▶ _Exercise requirements_:
Return the records exactly as they are.

▶ _Source data_:
------------------------------

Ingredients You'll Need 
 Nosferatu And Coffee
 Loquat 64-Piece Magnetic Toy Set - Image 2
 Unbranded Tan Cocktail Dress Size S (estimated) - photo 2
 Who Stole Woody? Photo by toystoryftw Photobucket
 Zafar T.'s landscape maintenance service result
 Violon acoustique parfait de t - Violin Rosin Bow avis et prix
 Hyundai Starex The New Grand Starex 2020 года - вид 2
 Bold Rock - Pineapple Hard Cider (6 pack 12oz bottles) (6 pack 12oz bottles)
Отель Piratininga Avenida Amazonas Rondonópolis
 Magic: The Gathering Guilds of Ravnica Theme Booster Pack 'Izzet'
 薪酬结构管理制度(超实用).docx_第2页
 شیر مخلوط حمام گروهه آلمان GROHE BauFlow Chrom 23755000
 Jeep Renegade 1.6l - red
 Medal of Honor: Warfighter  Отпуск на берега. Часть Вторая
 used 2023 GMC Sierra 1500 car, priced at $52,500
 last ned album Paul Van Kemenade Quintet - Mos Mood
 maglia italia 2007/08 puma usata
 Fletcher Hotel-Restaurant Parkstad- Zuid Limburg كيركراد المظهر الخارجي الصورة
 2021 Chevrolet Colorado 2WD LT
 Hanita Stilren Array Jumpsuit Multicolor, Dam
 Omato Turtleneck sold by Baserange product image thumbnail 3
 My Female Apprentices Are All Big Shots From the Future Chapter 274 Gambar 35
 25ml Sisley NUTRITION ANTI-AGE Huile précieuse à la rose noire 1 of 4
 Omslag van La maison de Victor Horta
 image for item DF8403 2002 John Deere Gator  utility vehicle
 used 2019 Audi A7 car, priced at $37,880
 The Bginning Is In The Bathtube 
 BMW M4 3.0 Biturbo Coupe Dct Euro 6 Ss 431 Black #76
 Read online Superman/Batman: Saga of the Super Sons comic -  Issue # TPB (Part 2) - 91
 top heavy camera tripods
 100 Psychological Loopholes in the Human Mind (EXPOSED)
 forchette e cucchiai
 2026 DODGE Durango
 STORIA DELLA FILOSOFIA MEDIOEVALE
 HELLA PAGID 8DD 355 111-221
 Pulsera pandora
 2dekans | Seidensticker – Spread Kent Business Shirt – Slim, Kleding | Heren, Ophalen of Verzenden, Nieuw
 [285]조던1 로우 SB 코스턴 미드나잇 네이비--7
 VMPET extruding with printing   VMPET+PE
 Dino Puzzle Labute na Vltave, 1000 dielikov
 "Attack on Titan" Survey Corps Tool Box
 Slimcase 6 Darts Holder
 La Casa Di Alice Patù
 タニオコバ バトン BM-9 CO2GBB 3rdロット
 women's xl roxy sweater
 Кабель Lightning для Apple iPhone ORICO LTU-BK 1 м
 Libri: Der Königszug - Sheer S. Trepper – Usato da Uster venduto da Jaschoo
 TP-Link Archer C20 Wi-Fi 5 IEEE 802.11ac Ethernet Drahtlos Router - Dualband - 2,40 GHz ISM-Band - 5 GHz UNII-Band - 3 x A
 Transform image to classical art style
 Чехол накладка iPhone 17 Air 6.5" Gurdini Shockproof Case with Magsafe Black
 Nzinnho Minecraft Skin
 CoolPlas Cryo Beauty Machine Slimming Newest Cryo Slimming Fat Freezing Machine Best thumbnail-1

------------------------------

▶ _Output_:
Ingredients You'll Need 
 Nosferatu And Coffee
 Loquat 64-Piece Magnetic Toy Set - Image 2
 Unbranded Tan Cocktail Dress Size S (estimated) - photo 2
 Who Stole Woody? Photo by toystoryftw Photobucket
 Zafar T.'s landscape maintenance service result
 Violon acoustique parfait de t - Violin Rosin Bow avis et prix
 Hyundai Starex The New Grand Starex 2020 года - вид 2
 Bold Rock - Pineapple Hard Cider (6 pack 12oz bottles) (6 pack 12oz bottles)
Отель Piratininga Avenida Amazonas Rondonópolis
 Magic: The Gathering Guilds of Ravnica Theme Booster Pack 'Izzet'
 薪酬结构管理制度(超实用).docx_第2页
 شیر مخلوط حمام گروهه آلمان GROHE BauFlow Chrom 23755000
 Jeep Renegade 1.6l - red
 Medal of Honor: Warfighter  Отпуск на берега. Часть Вторая
 used 2023 GMC Sierra 1500 car, priced at $52,500
 last ned album Paul Van Kemenade Quintet - Mos Mood
 maglia italia 2007/08 puma usata
 Fletcher Hotel-Restaurant Parkstad- Zuid Limburg كيركراد المظهر الخارجي الصورة
 2021 Chevrolet Colorado 2WD LT
 Hanita Stilren Array Jumpsuit Multicolor, Dam
 Omato Turtleneck sold by Baserange product image thumbnail 3
 My Female Apprentices Are All Big Shots From the Future Chapter 274 Gambar 35
 25ml Sisley NUTRITION ANTI-AGE Huile précieuse à la rose noire 1 of 4
 Omslag van La maison de Victor Horta
 image for item DF8403 2002 John Deere Gator  utility vehicle
 used 2019 Audi A7 car, priced at $37,880
 The Bginning Is In The Bathtube 
 BMW M4 3.0 Biturbo Coupe Dct Euro 6 Ss 431 Black #76
 Read online Superman/Batman: Saga of the Super Sons comic -  Issue # TPB (Part 2) - 91
 top heavy camera tripods
 100 Psychological Loopholes in the Human Mind (EXPOSED)
 forchette e cucchiai
 2026 DODGE Durango
 STORIA DELLA FILOSOFIA MEDIOEVALE
 HELLA PAGID 8DD 355 111-221
 Pulsera pandora
 2dekans | Seidensticker – Spread Kent Business Shirt – Slim, Kleding | Heren, Ophalen of Verzenden, Nieuw
 [285]조던1 로우 SB 코스턴 미드나잇 네이비--7
 VMPET extruding with printing   VMPET+PE
 Dino Puzzle Labute na Vltave, 1000 dielikov
 "Attack on Titan" Survey Corps Tool Box
 Slimcase 6 Darts Holder
 La Casa Di Alice Patù
 タニオコバ バトン BM-9 CO2GBB 3rdロット
 women's xl roxy sweater
 Кабель Lightning для Apple iPhone ORICO LTU-BK 1 м
 Libri: Der Königszug - Sheer S. Trepper – Usato da Uster venduto da Jaschoo
 TP-Link Archer C20 Wi-Fi 5 IEEE 802.11ac Ethernet Drahtlos Router - Dualband - 2,40 GHz ISM-Band - 5 GHz UNII-Band - 3 x A
 Transform image to classical art style
 Чехол накладка iPhone 17 Air 6.5" Gurdini Shockproof Case with Magsafe Black
 Nzinnho Minecraft Skin
 CoolPlas Cryo Beauty Machine Slimming Newest Cryo Slimming Fat Freezing Machine Best thumbnail-1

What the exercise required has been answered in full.